NO₂————–> Pink or red colour
Then look in a durham’s tube.
v) Add a pinch of Zinc dust. If production of pink-coloured organisms is nitrate positive.
OBSERVATION TABLE:
| sample | media | Initial colour of media | Final colour of media | Remarks | |
| P | Nitrate broth | colourless | colourless | N2 | Since N2 is formed the nitrate reduction test is positive. |
| E | Nitrate broth | colourless | colourless | N2 | Since N2 is formed the nitrate reduction test is positive. |
RESULT:
Thus, the nitrate reduction test gives a +ve sample. P gives nitrate reduction test +ve. Broth E ana P sample gave +ve test.
DISCUSSION:
Nitrate reduction test is positive when nitrate is reduced into nitrite which is determined by adding two regents sulfanilic acid and α-pap thylacine Nitrites and Sulfanilic acid react to form a diazonium salt . The diazonium salt then compless with α-naphthylamine to produce a red water soluble azodye.
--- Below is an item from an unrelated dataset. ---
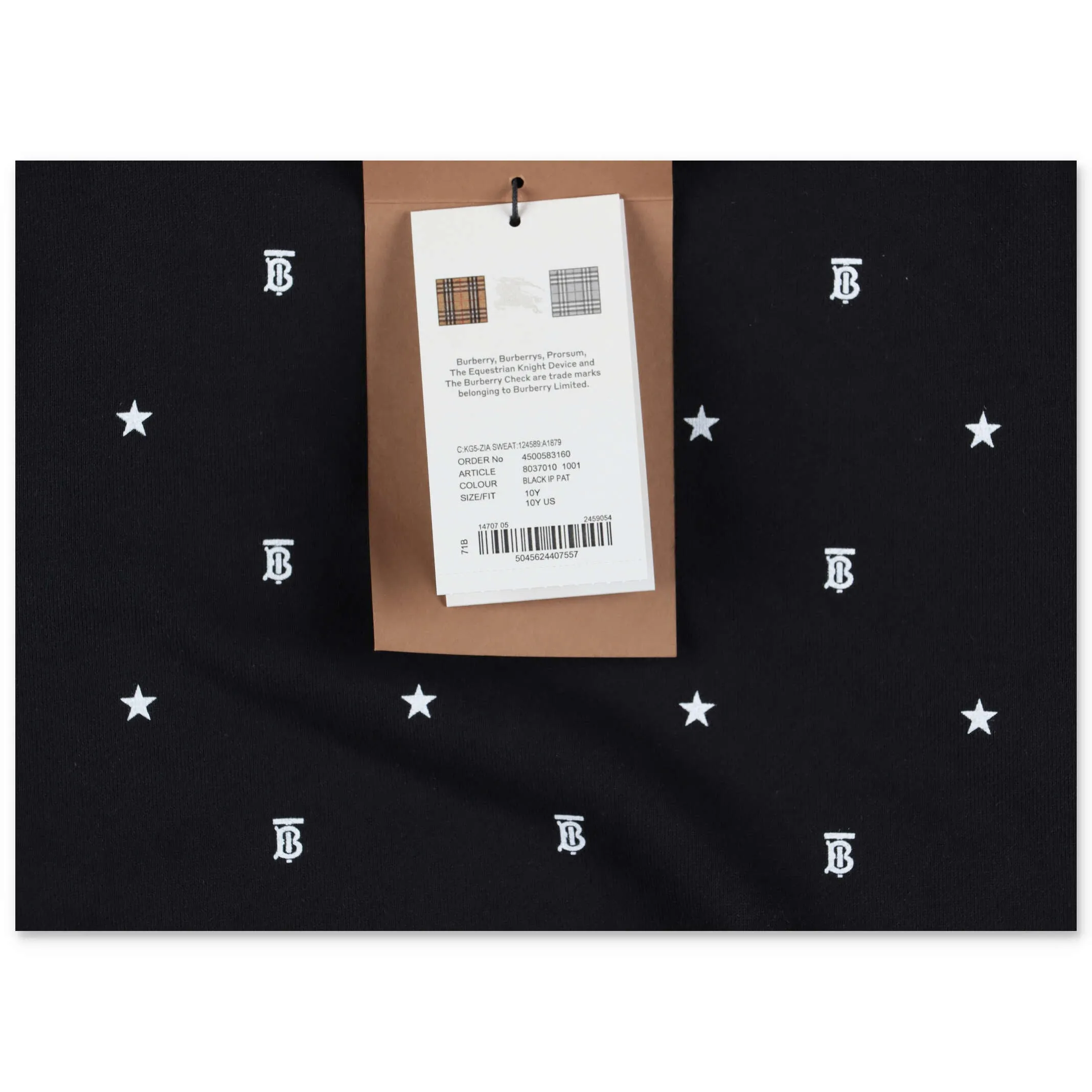 Burberry Kids Star And Monogram Motif Sweatshirt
The test will also be positive , when adding sulfanilic acid and α-naphthylamine there is no colour change and by adding zinc power also. There is no change in colour. But if the colour changes into red while adding zinc power the test is negative to the nitrate reduction test and if there is formation of N2 gas in Durham’s tube , the test will be a nitrate reduction test positive.
CONCLUSION:
Hence, In this way by adding different reagents in the given media, urease test and nitrate reduction test was done in the laboratory.
PRECAUTIONS:
i) Durham’s tube should be kept in an inverted position in the test tube.
ii) The colour of the media should be observed carefully.
iii) In a nitrate reduction test, sulfanilic acid should be added before α-naphthylamine.
REFERENCES:
Manandhar.S, Shama S (2006), Practical Approach to Microbiology , 3rd edition, National Book Centre, Bhotahity, Kathmandu Page no. 82-83.